At 56, McCoy never has to work again, unless he wants to.



The U.S. government offers retirement to any civil servant after 30 years of service. With 27 years as a postal employee and three years in the Army during the Vietnam War, McCoy has put in his time.

He cleaned out his locker a week before his last day, eager for retirement.

McCoy remembers walking into a Denver post office when he was 26 years old to fill out an application.

“It was better than what I was doing at the time, working construction,” he said. McCoy found himself in Colorado, stationed at Fort Carson, after he returned from Vietnam. The job at the post office was going to be temporary until he found his bearings and decided what he really wanted to be doing.

“It wasn’t supposed to be a career,” he said. “But I met my wife. We had a family. Things changed.” The years passed.

When McCoy realized that he was going to stay with the Postal Service for the duration of his career, he asked for a transfer to Steamboat. He moved here in 1985.

“I’m an old hippie. It was always my dream to live in the mountains,” he said. “It was better than I imagined. Besides marrying my wife, it was the best move I ever made.

“I’ve gotten to be a good skier. The lifestyle keeps you young, and it’s still a great place to raise kids.”

McCoy has been a dispatch clerk for almost 20 years, putting parcels into lockers in the post office lobby in the morning and loading trucks bound for Denver in the afternoon.

McCoy’s long, white beard and his friendly smile are a familiar sight at the post office.

“I think I’m the unofficial post office greeter,” he said.

After almost 30 years, McCoy can do his job without much thought, freeing his mind to daydream “about more important things.” Lately, his thoughts have been on retirement and all the years of traveling he has ahead of him.

During his years with the Postal Service, McCoy earned five weeks a year of paid vacation, which he used to explore the world, one country at a time. He has been to Europe three times, to Honduras, Belize, Costa Rica, Venezuela, Ecuador, Peru, Bolivia, Nepal and Cambodia.

He plans to finish out the ski season, move to Nicaragua and enroll in an intensive Spanish language emersion program.

He chose Nicaragua because, “it’s out of the way.” How long will he stay?

“Until it isn’t fun anymore,” he said, and after that, he doesn’t know what will happen.

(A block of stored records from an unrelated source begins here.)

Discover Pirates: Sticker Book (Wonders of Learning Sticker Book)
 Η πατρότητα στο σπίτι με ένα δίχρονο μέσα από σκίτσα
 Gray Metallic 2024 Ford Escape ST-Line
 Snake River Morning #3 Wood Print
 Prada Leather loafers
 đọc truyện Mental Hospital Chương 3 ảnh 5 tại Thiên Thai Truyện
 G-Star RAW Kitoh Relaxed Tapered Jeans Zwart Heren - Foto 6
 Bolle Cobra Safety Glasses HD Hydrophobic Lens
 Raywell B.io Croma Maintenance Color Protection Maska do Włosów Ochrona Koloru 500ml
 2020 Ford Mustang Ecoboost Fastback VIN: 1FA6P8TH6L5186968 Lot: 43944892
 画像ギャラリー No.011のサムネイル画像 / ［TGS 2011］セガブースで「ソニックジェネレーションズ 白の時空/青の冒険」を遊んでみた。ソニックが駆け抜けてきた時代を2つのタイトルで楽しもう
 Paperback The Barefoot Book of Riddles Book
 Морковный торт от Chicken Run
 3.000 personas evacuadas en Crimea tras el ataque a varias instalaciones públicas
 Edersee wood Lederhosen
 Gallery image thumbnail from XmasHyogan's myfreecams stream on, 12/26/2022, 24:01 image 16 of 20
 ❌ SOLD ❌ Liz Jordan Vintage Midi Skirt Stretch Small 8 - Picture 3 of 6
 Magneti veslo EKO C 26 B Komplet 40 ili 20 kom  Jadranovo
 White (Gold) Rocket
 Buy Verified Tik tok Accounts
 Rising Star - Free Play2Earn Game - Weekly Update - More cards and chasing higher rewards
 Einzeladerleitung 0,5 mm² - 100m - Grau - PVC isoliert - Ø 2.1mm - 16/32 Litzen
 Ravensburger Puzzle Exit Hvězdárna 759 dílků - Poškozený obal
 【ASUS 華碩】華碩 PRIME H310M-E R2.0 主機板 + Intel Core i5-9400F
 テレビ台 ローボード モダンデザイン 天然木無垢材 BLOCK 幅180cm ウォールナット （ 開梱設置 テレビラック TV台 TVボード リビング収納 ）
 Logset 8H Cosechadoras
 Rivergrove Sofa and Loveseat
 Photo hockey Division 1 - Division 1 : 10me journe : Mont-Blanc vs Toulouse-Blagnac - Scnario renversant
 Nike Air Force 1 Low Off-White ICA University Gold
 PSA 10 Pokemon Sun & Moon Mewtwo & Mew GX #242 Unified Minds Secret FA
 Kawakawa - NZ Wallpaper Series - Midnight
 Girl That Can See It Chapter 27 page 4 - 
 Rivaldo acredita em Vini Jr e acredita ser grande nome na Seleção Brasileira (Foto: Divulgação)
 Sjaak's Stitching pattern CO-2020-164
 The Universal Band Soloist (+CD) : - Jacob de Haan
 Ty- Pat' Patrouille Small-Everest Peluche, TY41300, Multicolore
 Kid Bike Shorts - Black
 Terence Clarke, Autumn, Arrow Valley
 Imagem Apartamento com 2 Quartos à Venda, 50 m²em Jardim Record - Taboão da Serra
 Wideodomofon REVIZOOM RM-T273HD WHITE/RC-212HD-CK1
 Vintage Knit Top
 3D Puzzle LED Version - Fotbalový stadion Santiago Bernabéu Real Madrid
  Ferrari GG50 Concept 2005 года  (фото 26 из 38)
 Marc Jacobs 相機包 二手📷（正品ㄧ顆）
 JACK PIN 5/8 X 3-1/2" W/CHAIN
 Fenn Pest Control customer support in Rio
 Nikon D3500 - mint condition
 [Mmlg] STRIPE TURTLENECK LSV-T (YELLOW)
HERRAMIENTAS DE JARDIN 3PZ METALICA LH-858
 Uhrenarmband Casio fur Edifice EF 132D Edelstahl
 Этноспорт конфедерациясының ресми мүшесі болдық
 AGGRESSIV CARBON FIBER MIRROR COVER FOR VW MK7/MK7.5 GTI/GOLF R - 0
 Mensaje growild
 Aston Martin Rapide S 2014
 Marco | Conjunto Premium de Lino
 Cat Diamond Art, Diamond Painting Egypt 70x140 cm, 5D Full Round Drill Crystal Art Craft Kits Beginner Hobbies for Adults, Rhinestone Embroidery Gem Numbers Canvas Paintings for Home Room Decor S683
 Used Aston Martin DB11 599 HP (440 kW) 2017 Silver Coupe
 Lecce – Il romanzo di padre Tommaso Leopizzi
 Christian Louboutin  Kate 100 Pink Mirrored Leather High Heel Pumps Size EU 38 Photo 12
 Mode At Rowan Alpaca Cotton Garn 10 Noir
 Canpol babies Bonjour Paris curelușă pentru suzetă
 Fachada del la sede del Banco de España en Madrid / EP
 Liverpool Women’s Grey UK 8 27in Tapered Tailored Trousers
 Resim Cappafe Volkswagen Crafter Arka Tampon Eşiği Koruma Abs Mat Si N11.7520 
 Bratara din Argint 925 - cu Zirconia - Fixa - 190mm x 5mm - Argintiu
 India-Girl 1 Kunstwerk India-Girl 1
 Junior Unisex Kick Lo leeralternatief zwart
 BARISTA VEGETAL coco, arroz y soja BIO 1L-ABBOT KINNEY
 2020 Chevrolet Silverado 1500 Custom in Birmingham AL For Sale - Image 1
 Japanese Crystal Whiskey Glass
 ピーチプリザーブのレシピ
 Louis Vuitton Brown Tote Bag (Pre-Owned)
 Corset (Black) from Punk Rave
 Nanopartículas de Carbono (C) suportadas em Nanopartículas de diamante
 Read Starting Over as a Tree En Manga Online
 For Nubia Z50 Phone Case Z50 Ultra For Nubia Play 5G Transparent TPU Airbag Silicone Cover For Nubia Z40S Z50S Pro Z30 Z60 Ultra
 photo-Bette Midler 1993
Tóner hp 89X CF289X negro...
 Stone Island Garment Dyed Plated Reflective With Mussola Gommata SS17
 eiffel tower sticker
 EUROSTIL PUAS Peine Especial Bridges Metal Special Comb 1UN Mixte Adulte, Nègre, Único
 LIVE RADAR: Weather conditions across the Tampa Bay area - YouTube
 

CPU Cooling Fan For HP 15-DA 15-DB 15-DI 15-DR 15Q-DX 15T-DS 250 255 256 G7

“I want to see as much of the world as I can and grow from that,” he said. “I don’t know when I’m coming back, but I will. I still get the rush coming over the pass after being away.”


Support Local Journalism

Support Local Journalism

Readers around Steamboat and Routt County make the Steamboat Pilot & Today’s work possible. Your financial contribution supports our efforts to deliver quality, locally relevant journalism.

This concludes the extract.